Исходя из критериев выделения археологической культуры,
предложенных выше для раннесредневековых южносибирских материалов, малые склепы
нужно признать органической частью таштыкской культуры. Пряжки в малых склепах,
вопреки мнению Э.Б. Вадецкой, всё же встречаются — например, в тепсейском скл.4
(Грязнов 1979: 122 — Рис.71: 3-7; Вадецкая 1999: табл. 9: 1, 5; табл. 119) — и
позволяют надёжно синхронизировать эти памятники с основным типом таштыкских
погребений. Погребённые в малых склепах — это, насколько можно судить,
оглахтинцы таштыкского времени. Существование этих памятников лишний раз
подтверждает, что становление новой культуры не было связано с исчезновением
носителей культуры предшествующего этапа — они оставались на той же территории,
заметно усложняя картину культурогенеза.
“Переходные” погребения были выделены С.В.Киселёвым прежде
всего по материалам раскопок Л.А. Евтюховой (Рис.21-22). Автор убедительно
показал принадлежность этих памятников к таштыкской традиции, но вместе с тем
отметил наличие признаков, свойственных скорее кыргызской культуре
(погребальный обряд и “некоторые конструктивные детали”). Хронологию
“переходных” погребений С.В. Киселёв определял, по его собственному признанию,
“весьма обобщённо” и, добавлю, очень странно. Взяв за отправную точку
кудыргинские находки, автор видит в них
“формы, характерные для инвентаря алтайских и кыргызских могильников VII
и след. столетий”, но наряду с ними и “формы таштыкских, пазырыкских и позднеханьских
изделий”. На этом основании могильник Кудыргэ отнесён Киселёвым к “дотюркскому”
времени - V и VI вв. А раз в таштыкских “переходных” погребениях такого
сочетания признаков не наблюдается, то,
по мысли Киселёва, их, как и могильник Кудыргэ, нужно отнести к “дотюркскому
времени”. Такова логика построений С.В. Киселёва (Киселёв 1949: 262 - 264).
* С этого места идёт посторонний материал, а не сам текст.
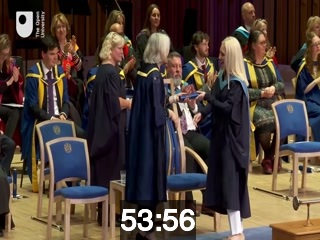 clicking on this image will launch a new video player window playing at this point (ie 53 minutes and 56 seconds) from the start of the video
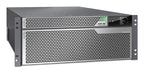 APC SRTL10KRM4UT uninterruptible power supply (UPS) Double-conversion (Online) 10 kVA 10000 W 4 AC outlet(s)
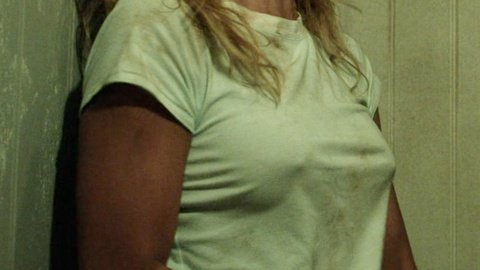 Pic: Sabina Gadecki in L.A.'s Finest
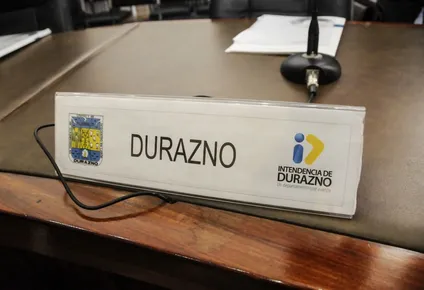 Luis Hugo Apolo fue intendente de Durazno en 1985-1990 y 1995-2000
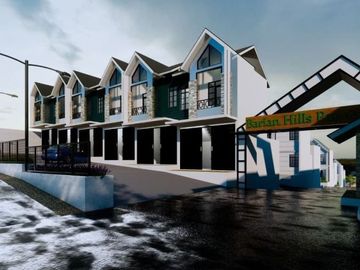 HOT PROMO Tanpa Diundi Full Furnish Rumah Amerika di Padaasih Cisarua Ngamprah Cimahi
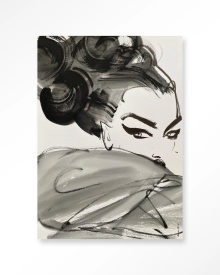 TABLOU - COUTURE ALLURE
Совершенно непонятно, при чём тут могильник Кудыргэ; впечатление С.В. Киселёва о “переходном” характере этого памятника
не оправдалось, это вполне самостоятельный комплекс, представляющий на Алтае
общность континентального масштаба, и сравнивать его с таким заведомо локальным
явлением, как памятники “камешковского типа”, некорректно.
Рис.21. Уйбат II. Памятники “камешковского типа” (По Э.Б. Вадецкой).
Особое внимание уделил этим памятникам Л.Р. Кызласов
(Кызласов 1960: 151-156). Этот автор исходил из трактовки, предложенной
С.В. Киселёвым, и лишь добавил к списку памятников ямы под каменными выкладками,
раскопанные на Изыхском чаатасе, а также изменил основания датировки,
использовав две находки из своих раскопок — наконечник стрелы “эпохи
переселения народов” (не имеющий, по современным представлениям, узкой даты) и
необычную трёхъязычковую пряжку, почему-то сопоставленную с накладными
кресалами рубежа I/II тыс. н. э. — морфологически это сравнение совершенно не
оправдано и для датировки бесполезно, хотя сама находка интересна (может быть,
её стоит сравнить с причерноморскими находками пряжек первых веков н.э. с
вильчатым, или двузубым язычком).
Рис.22. Находки с памятников “камешковского типа” (По Э.Б. Вадецкой, Л.Р. Кызласову).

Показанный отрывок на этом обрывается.